In light of the above, and to address the problem consistently for all library functions and their uses, we propose to remove the unqualified latitude for implementations to define any standard library functions as function-like macros and replace it with a few necessary exceptions to this rule. Outside the small set of explicitly specified exceptions, the permission to define library functions (also) as function-like macros is no longer necessary since inline functions offer a superior solution (commonly provided extensions such as GCC attribute always_inline completely obviate any benefits of using macros for this purpose, even in the absence of inlining as an optimization). The exceptions are limited to the existing type-generic math functions listed in <tgmath.h>, other existing library facilities explicitly specified as macros (e.g., the function-like macros defined in <setjmp.h> or in <stdarg.h>), and any other similar type-generic APIs yet to be introduced.

To this end, we propose to make changes as indicated below.
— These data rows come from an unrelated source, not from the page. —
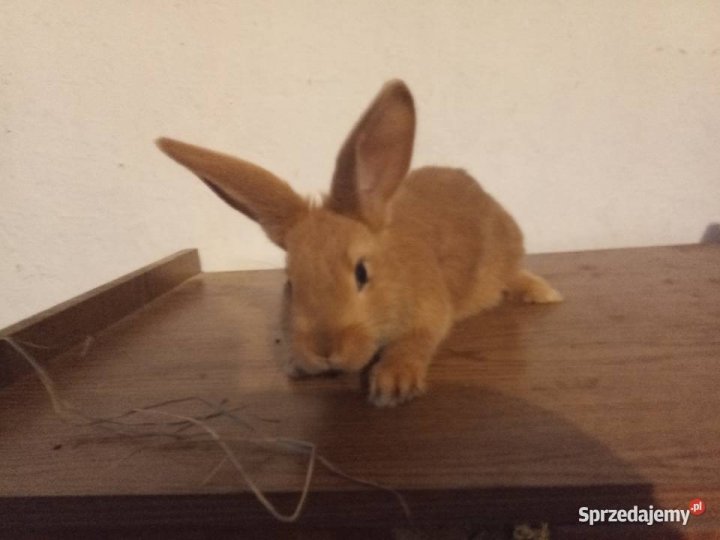 kroliki-3-miesieczne-izyce-552916151.jpg
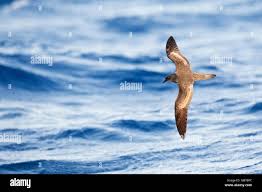 Image result for F C Bulwer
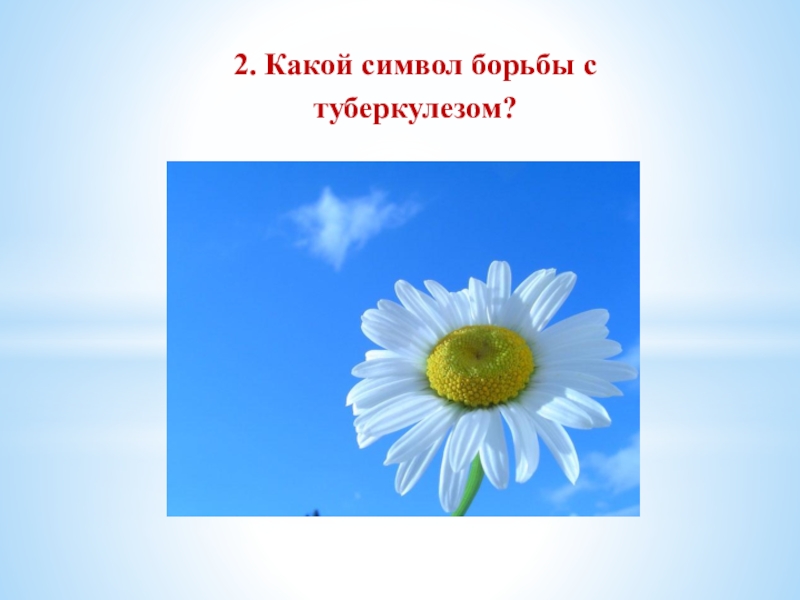 Какой символ лета. Символ борьбы с туберкулезом. Символом борьбы с туберкулёзом является.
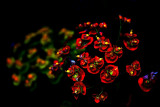 Small colored flowers DSC_0089xypb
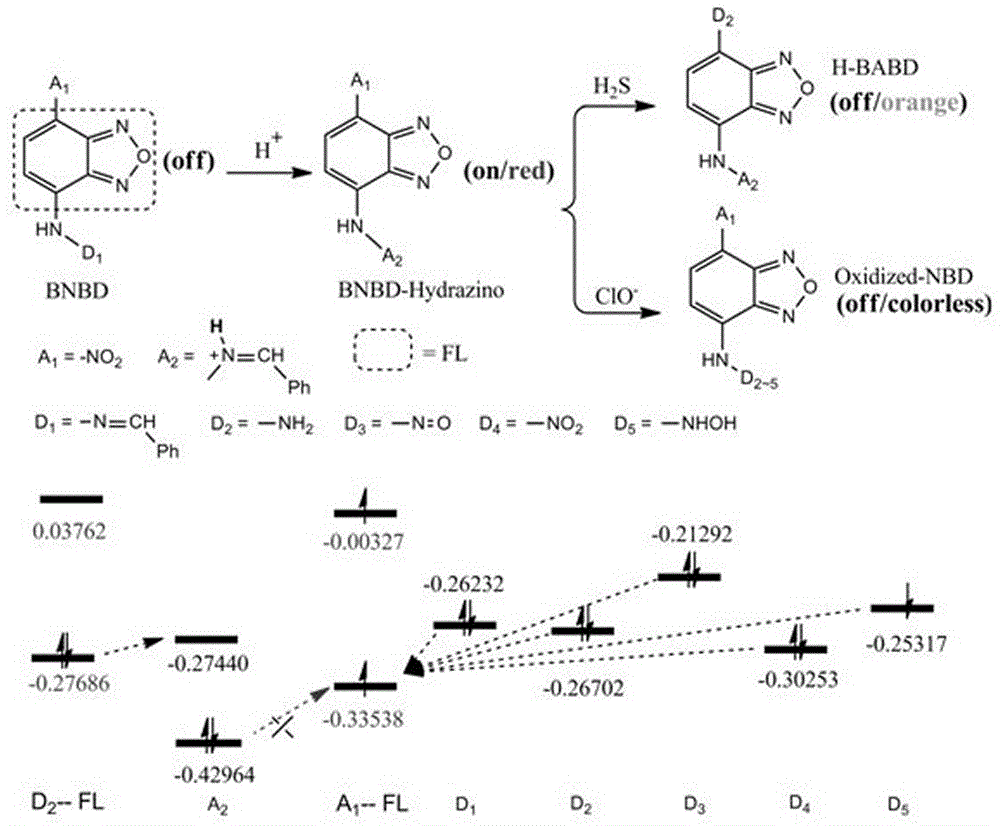 Preparation method and application of dual-response fluorescent molecular probe for detecting ClO&lt;-&gt;/H2S based on hydrogen ion activation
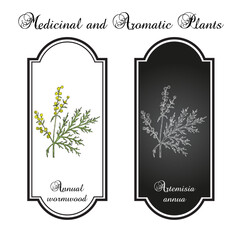 Annual wormwood or sweet sagewort (Artemisia annua), medicinal plant
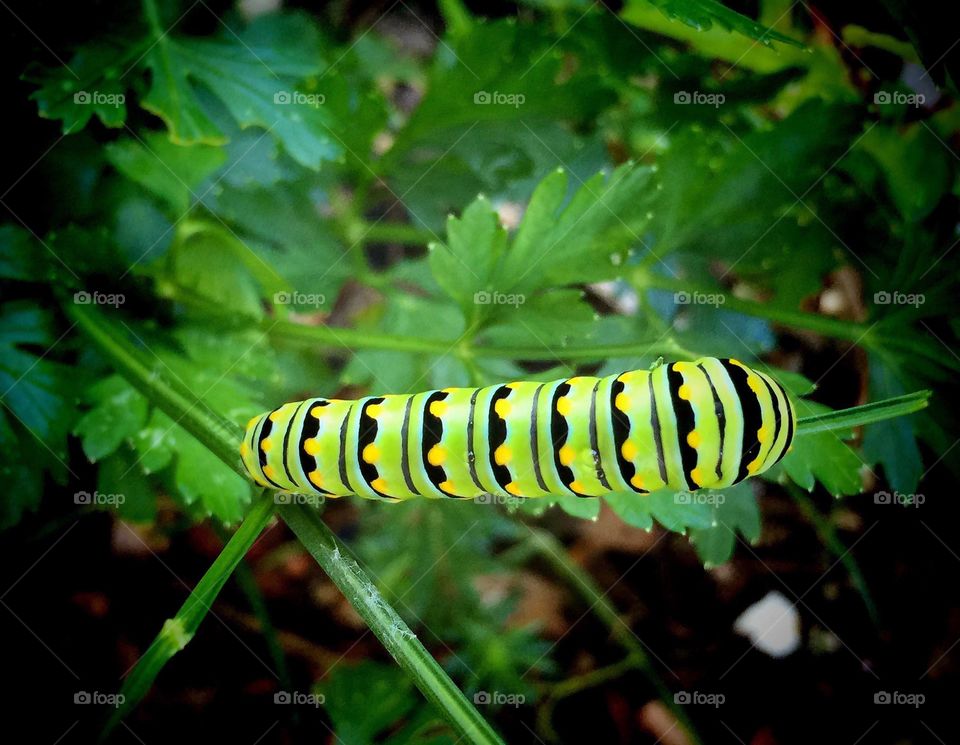 Baby swallowtail butterfly 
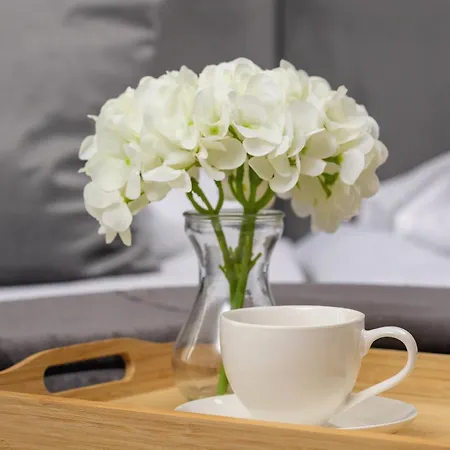 Apartament Eleganckie Z Parkingiem W Centrum Katowic Przy Rynku By Renters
In §7.1.3 Reserved identifiers, paragraph 1, bullet 5, make the following change:

Each identifier with file scope listed in any of the following subclauses (including the future library directions) is reserved for use as a macro name and as an identifier with file scope in the same name space if any of its associated headers is included.
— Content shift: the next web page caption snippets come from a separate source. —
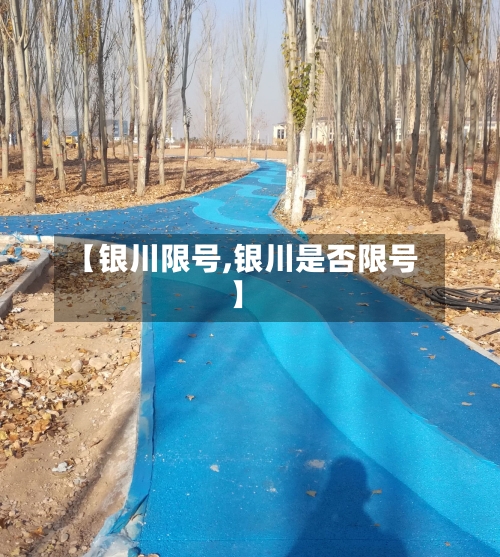【银川限号,银川是否限号】-第3张图片
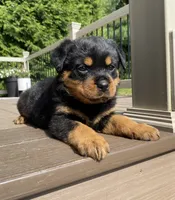 Hazel , a female Rottweiler for sale in Ohio, OH – 5 of 7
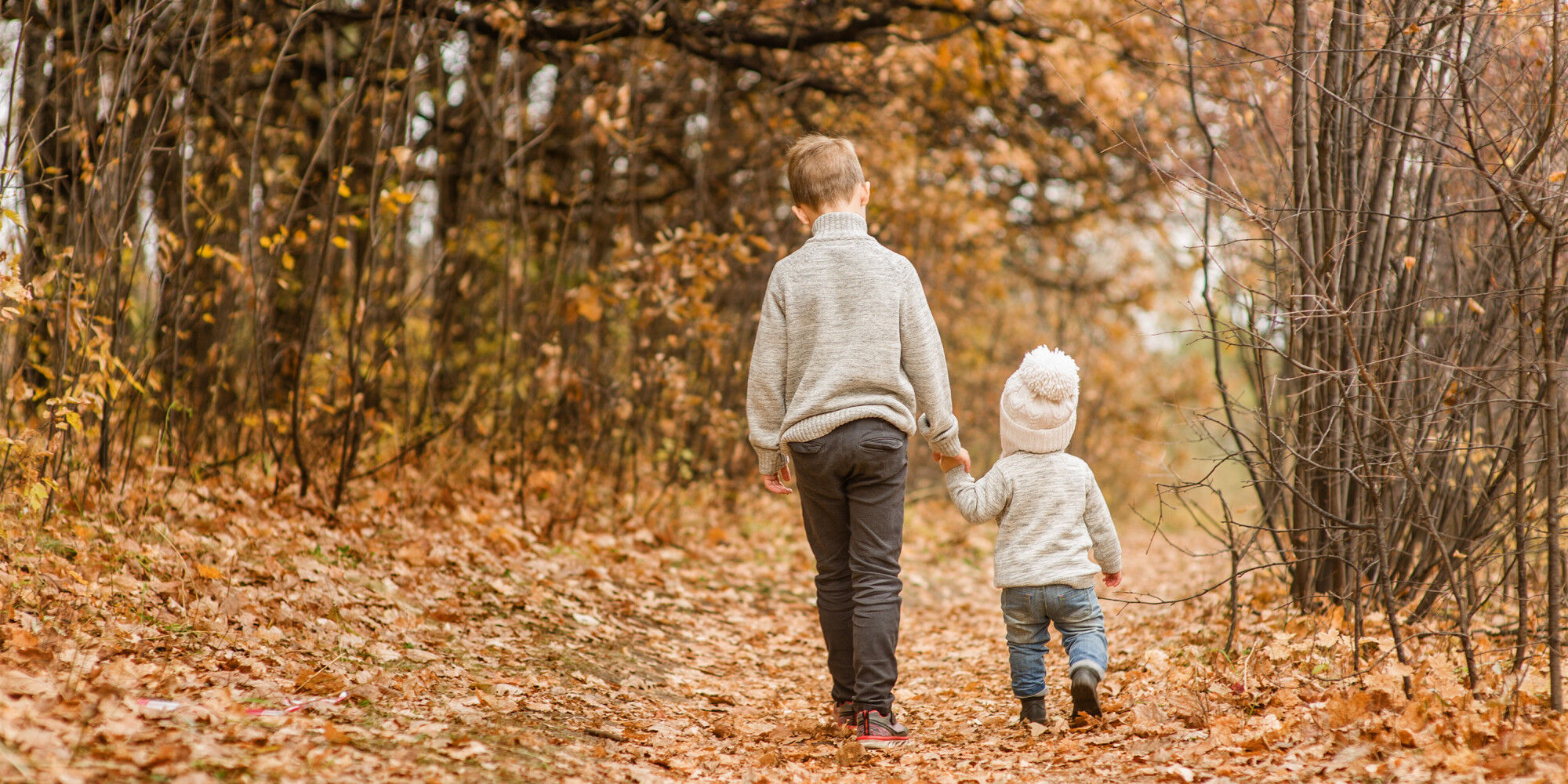 deux enfants qui font de la randonnée en forêt en automne
				        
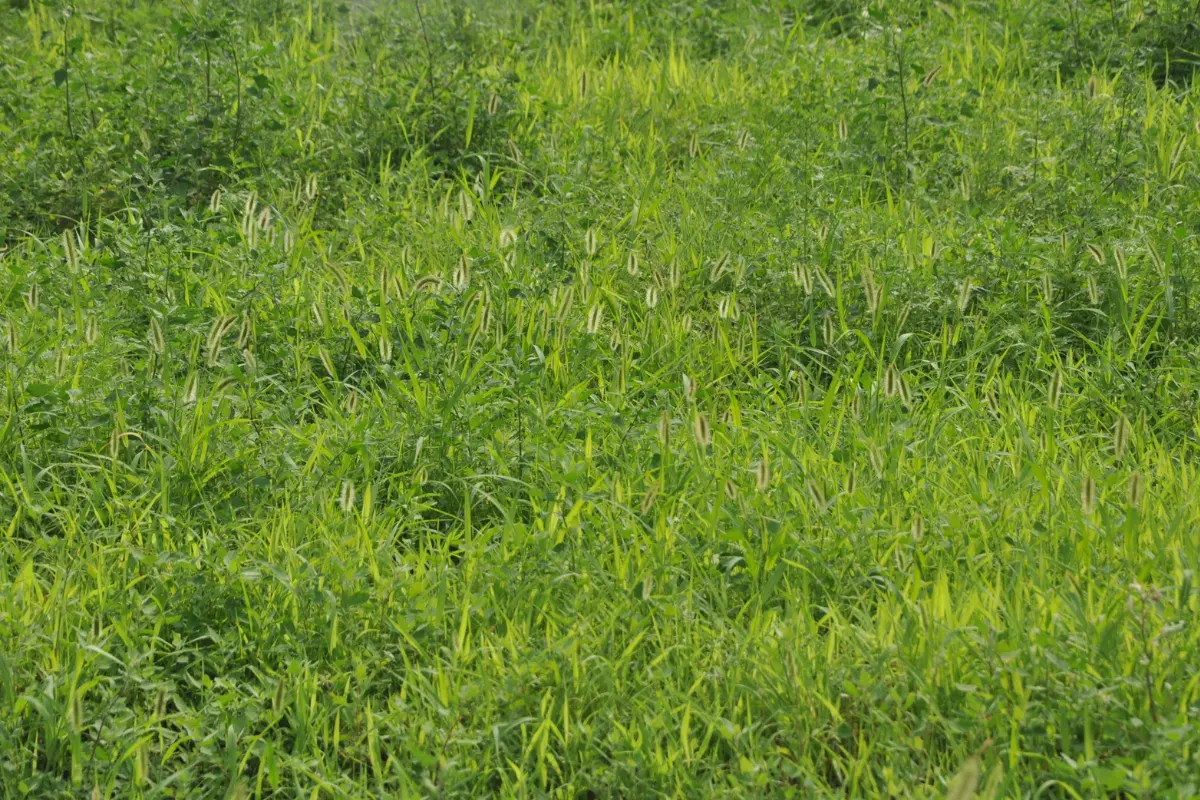 Limpeza de terreno para obras residenciais. Lado a lado, o poder da terraplanagem se torna claro. Foto: Reprodução / Canva Pro.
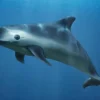 6 Fakta Tentang Vaquita, Sejenis Mamalia Air yang Sangat Terancam Punah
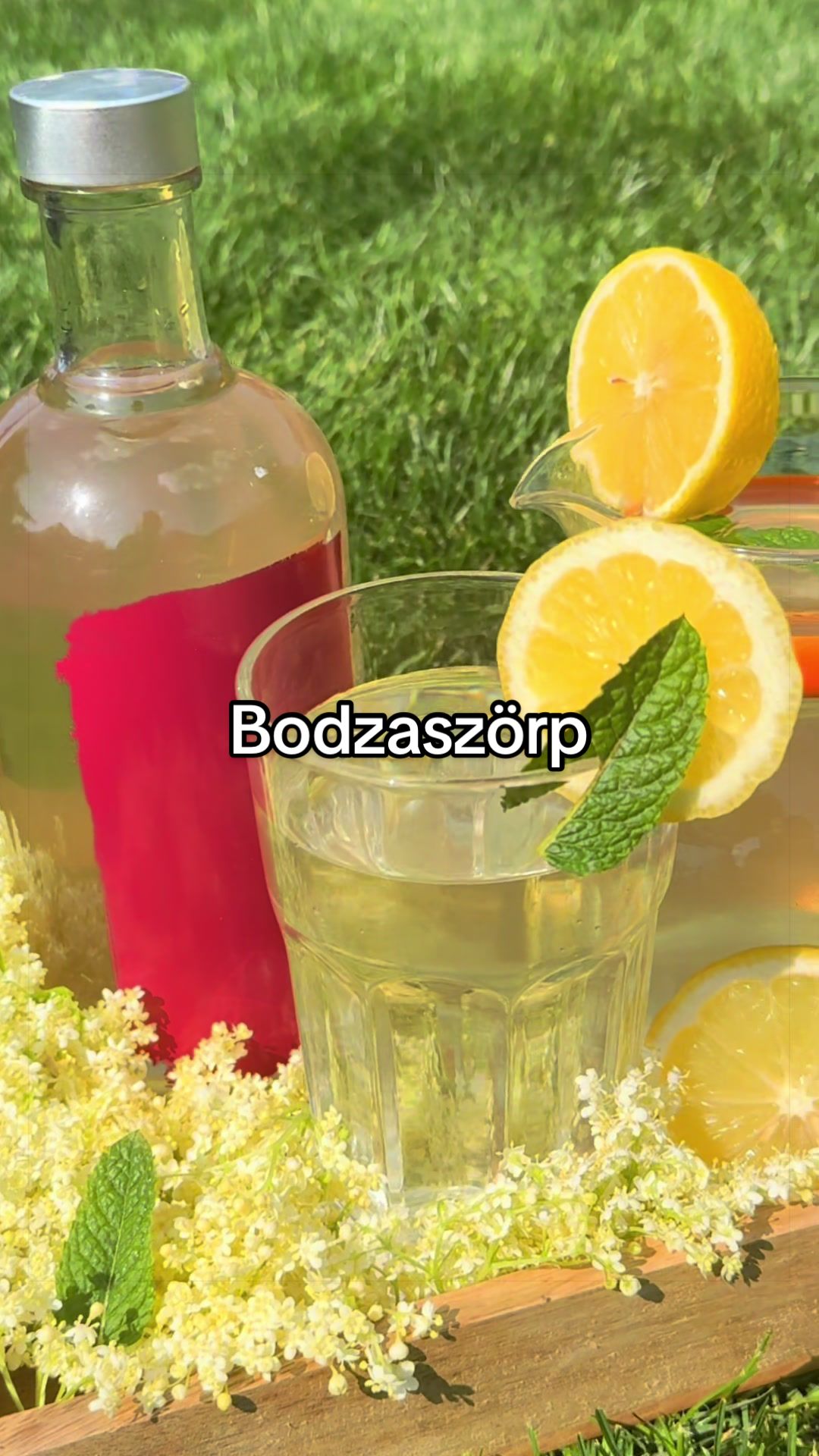 @ᴋᴏᴢᴊᴀ́ʀ-ᴘᴇᴛʜᴏ̋ ɴɪᴋᴏʟᴇᴛᴛᴀ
Furthermore, in §7.1.4 Use of library functions, paragraph 1, make the following changes:

Each of the following statements applies unless explicitly stated otherwise in the detailed descriptions that follow: If an argument to a function has an invalid value (such as a value outside the domain of the function, or a pointer outside the address space of the program, or a null pointer, or a pointer to non-modifiable storage when the corresponding parameter is not const-qualified) or a type (after promotion) not expected by a function with variable number of arguments, the behavior is undefined. If a function argument is described as being an array, the pointer actually passed to the function shall have a value such that all address computations and accesses to objects (that would be valid if the pointer did point to the first element of such an array) are in fact valid. Unless explicitly specified otherwise, no function declared in a library header may be defined as a macro. Any function declared in a header may be additionally implemented as a function-like macro defined in the header, so if a library function is declared explicitly when its header is included, one of the techniques shown below can be used to ensure the declaration is not affected by such a macro. Any macro definition of a function can be suppressed locally by enclosing the name of the function in parentheses, because the name is then not followed by the left parenthesis that indicates expansion of a macro function name. For the same syntactic reason, it is permitted to take the address of a library function even if it is also defined as a macro. 185) The use of #undef to remove any macro definition will also ensure that an actual function is referred to. Any invocation of a library function that is implemented as a macro shall expand to code that evaluates each of its arguments exactly once, fully protected by parentheses where necessary, so it is generally safe to use arbitrary expressions as arguments. 186) Likewise, those function-like macros described in the following subclauses may be invoked in an expression anywhere a function with a compatible return type could be called. 187)

and remove footnotes 185 through 187. Furthermore, in §7.25 Type-generic math <tgmath.h> modify footnote 313 as indicated below:

313) Like other function-like macros in Standard libraries, e Each type-generic macro can be suppressed to make available the corresponding ordinary function.

For a proposal to correct the problem for the atomic functions defined in <stdatomic.h> refer to N2145.